Records for this exercise section start
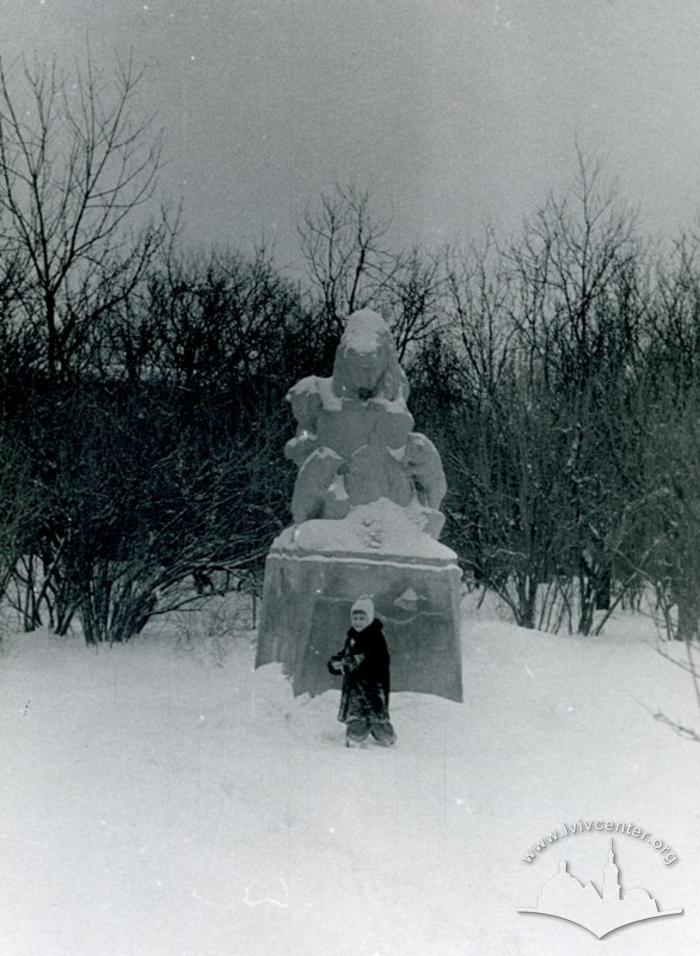 Яким був зимовий Львів у минулому столітті: добірка світлин - 20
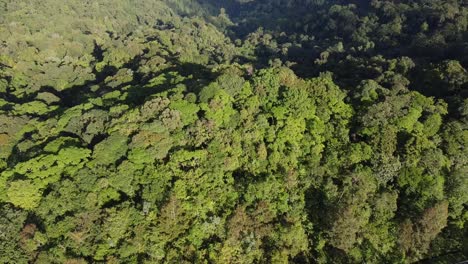 Drone-footage-flying-above-rainforest-canopy-of-Borneo-jungle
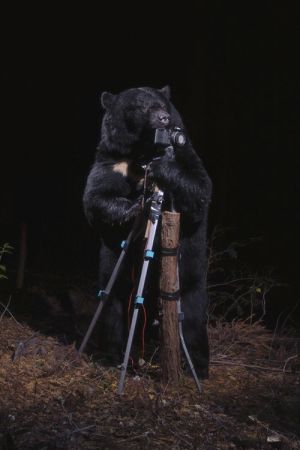 A Black Bear Plays with a Camera, 2006.Color Photograph Collection of the artist. © Manabu Miyazaki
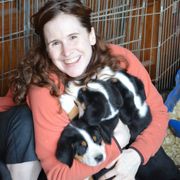 Greater Swiss Mountain Dog puppies from RODEO
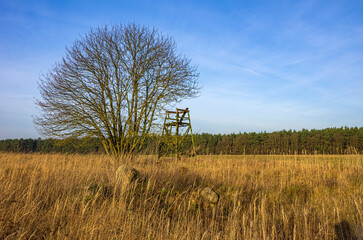 Mecklenburg Field Scenery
Records for this exercise section end
• **What you need to do**:
Exact text is required for the lines from the one with "A Black Bear" through the last line of the entries, both included. Omit pictures.

• **Response for this exercise**:
 A Black Bear Plays with a Camera, 2006.Color Photograph Collection of the artist. © Manabu Miyazaki
 Greater Swiss Mountain Dog puppies from RODEO
 Mecklenburg Field Scenery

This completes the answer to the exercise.